7 Replies Latest reply: Jul 29, 2011 2:23 PM by 607171 RSS

    Sys_connect_by_path

    607171
      Hi All,

      I am on Oracle 10g. I am using sys_connect_by_path to concatenate unique values , however, it seems to append semi-colons when no values are found.
      Can you pls point out how I can remove extra appended semicolons. I tried a replace, but that did not seem to work.

      -
       SELECT 
                (TRIM(';' from sys_connect_by_path(ActualFGMaterialNum,';')))ActualFGMaterialNum
           FROM (
                  SELECT NPIProjectID, 
                         CASE  
                            WHEN SYS_CONNECT_BY_PATH(PRIOR ActualFGMaterialNum,';') || ',' LIKE '%' || ActualFGMaterialNum || '%' THEN NULL
                            ELSE ActualFGMaterialNum
                         END ActualFGMaterialNum,
                         rnum,
                         tot
                  FROM (
                        SELECT npip.id AS NPIProjectID,
                        nm.ActualFGMaterialNum AS ActualFGMaterialNum, 
                        row_number() OVER (PARTITION BY npip.id ORDER BY nm.id) rnum,
                        COUNT(*) OVER (PARTITION BY npip.id) tot
                        FROM ADI.NPIProjects npip LEFT OUTER JOIN ADI.FormFactorInformation ffi ON ffi.NPIProjectId = npip.Id 
                        LEFT OUTER JOIN ADI.TestGrades tg ON tg.FormFactorInformationId = ffi.Id
                        LEFT OUTER JOIN ADI.NewModels nm ON nm.TestGradesID = tg.Id
                        )
                        START WITH rnum =1 CONNECT BY PRIOR rnum = rnum-1 AND PRIOR NPIProjectID = NPIProjectID
                     )
                      WHERE rnum=tot START WITH rnum =1 CONNECT BY PRIOR rnum = rnum-1 AND PRIOR NPIProjectID = NPIProjectID; -
      The results are returned as follows:

      ActualFGMaterialNum

      AD7862ARSZ-2REEL;AD7862ARSZ-3REEL

      AD9742ACPZRL7;;;ADUM1410ARWZ-RL

      ADSP-BF533SKSTZ-5V;;ADSP-BF533SKBC750X;;ADSP-BF533SKBCZ600;;ADSP-BF533SKBC-6V


      If you notice above, it appends extra ; after each string. How can we eliminate the null or how can we remove the extra semi-colons (;)?

      Thanks in advance,
      AD.
        • 1. Re: Sys_connect_by_path
          Etbin
          Instead of having to eliminate duplicates from concatenations I'd rather try to get rid of them before concatenating.

          Regards

          Etbin
          • 2. Re: Sys_connect_by_path
            Frank Kulash
            Hi,

            Whenever you have a question, please post a little sample data (CREATE TABLE and INSERT statements) and the results you want from that data. Explain how you get those results from that data.
            If you can use commonly available tables, like those in the scott schema, to show your problem, then you don't need to post any sample data; just the results explanation.

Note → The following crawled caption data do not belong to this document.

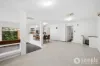 49 Nerida Way, Parkwood, WA 6147-Image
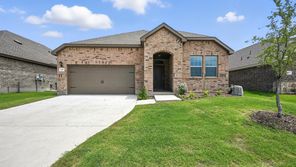 4125 Sky Dr (Rivington)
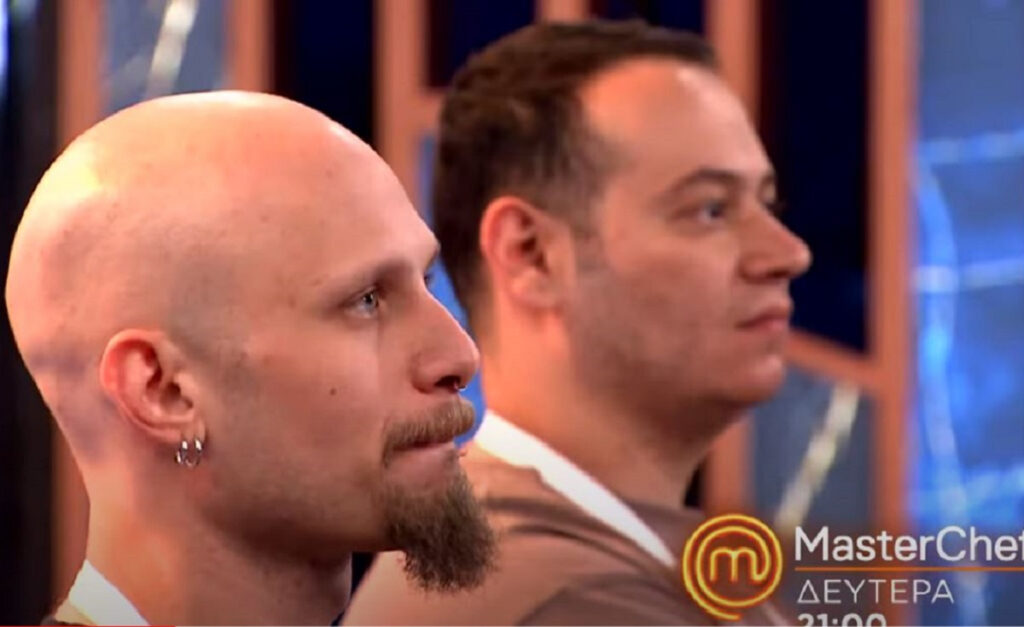 MasterChef 2024 spoiler 20/5: Ο νέος αρχηγός της μπορντό μπριγάδας, για πόσο θα παραμείνει στη θέση του;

            You could use a WHERE clause to remove rows where ActualFGMaterialNum is NULL. Since the WHERE clause is applied after CONNECT BY is finished (and SYS_CONNECT_BY_PATH is formed), that probably means another sub-query. To make sure that rnum is consecutive, you'll have to be sure to compute rnum in the same sub-query where the NULLs are exclued, or at least not earlier than that.

            A less efficient approach would be to replace multiple consecutive ';'s in the final output with a single ';'. In Oracle 10 (and up), that's fairly simple:
            REGEXP_REPLACE ( txt
                        , ';+'
                        , ';'
                        )
            returns a copy of txt with all groups of consecutive ';'s (no matter how many there are) replaced by one ';'.

            Do you really need to do two nested CONNECT BY queries? Whatever you're doing, I'll bet there's a simpler, more efficient way to do it.
            • 3. Re: Sys_connect_by_path
              607171
              Hi Frank,
              Thank you for your note.
              I am new to using sys_connect_by_path and have researched through a few posts on this forum to get a basic understanding.
              The approach I used here is what I has picked up from one of the posts here which was trying to do a similar thing.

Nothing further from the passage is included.